- **Exercise**
Repeat the records word for word.

++++++++++++++++++++

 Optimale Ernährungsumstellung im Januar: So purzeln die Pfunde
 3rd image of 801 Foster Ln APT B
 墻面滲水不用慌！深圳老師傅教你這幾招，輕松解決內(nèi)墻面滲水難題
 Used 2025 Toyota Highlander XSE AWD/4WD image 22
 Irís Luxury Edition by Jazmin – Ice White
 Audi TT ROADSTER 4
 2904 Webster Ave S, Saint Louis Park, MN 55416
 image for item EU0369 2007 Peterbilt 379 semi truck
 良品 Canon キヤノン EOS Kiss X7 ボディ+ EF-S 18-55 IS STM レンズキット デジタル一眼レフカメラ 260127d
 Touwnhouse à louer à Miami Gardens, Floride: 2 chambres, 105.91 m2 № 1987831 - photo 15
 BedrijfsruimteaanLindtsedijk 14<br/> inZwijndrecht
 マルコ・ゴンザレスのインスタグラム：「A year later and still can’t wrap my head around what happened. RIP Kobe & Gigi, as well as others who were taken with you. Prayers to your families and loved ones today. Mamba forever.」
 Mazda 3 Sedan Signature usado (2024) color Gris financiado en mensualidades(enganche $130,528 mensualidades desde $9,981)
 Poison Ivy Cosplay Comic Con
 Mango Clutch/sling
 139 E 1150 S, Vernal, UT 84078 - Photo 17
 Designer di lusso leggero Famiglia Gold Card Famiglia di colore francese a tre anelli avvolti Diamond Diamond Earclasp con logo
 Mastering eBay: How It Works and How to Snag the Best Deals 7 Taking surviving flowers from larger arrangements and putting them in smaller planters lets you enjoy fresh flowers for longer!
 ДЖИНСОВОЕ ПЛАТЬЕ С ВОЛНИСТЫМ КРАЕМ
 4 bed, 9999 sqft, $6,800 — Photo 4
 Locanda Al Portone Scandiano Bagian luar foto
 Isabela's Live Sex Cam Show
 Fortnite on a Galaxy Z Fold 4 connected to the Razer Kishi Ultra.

++++++++++++++++++++

- **Output of the exercise**
 Optimale Ernährungsumstellung im Januar: So purzeln die Pfunde
 3rd image of 801 Foster Ln APT B
 墻面滲水不用慌！深圳老師傅教你這幾招，輕松解決內(nèi)墻面滲水難題
 Used 2025 Toyota Highlander XSE AWD/4WD image 22
 Irís Luxury Edition by Jazmin – Ice White
 Audi TT ROADSTER 4
 2904 Webster Ave S, Saint Louis Park, MN 55416
 image for item EU0369 2007 Peterbilt 379 semi truck
 良品 Canon キヤノン EOS Kiss X7 ボディ+ EF-S 18-55 IS STM レンズキット デジタル一眼レフカメラ 260127d
 Touwnhouse à louer à Miami Gardens, Floride: 2 chambres, 105.91 m2 № 1987831 - photo 15
 BedrijfsruimteaanLindtsedijk 14<br/> inZwijndrecht
 マルコ・ゴンザレスのインスタグラム：「A year later and still can’t wrap my head around what happened. RIP Kobe & Gigi, as well as others who were taken with you. Prayers to your families and loved ones today. Mamba forever.」
 Mazda 3 Sedan Signature usado (2024) color Gris financiado en mensualidades(enganche $130,528 mensualidades desde $9,981)
 Poison Ivy Cosplay Comic Con
 Mango Clutch/sling
 139 E 1150 S, Vernal, UT 84078 - Photo 17
 Designer di lusso leggero Famiglia Gold Card Famiglia di colore francese a tre anelli avvolti Diamond Diamond Earclasp con logo
 Mastering eBay: How It Works and How to Snag the Best Deals 7 Taking surviving flowers from larger arrangements and putting them in smaller planters lets you enjoy fresh flowers for longer!
 ДЖИНСОВОЕ ПЛАТЬЕ С ВОЛНИСТЫМ КРАЕМ
 4 bed, 9999 sqft, $6,800 — Photo 4
 Locanda Al Portone Scandiano Bagian luar foto
 Isabela's Live Sex Cam Show
 Fortnite on a Galaxy Z Fold 4 connected to the Razer Kishi Ultra.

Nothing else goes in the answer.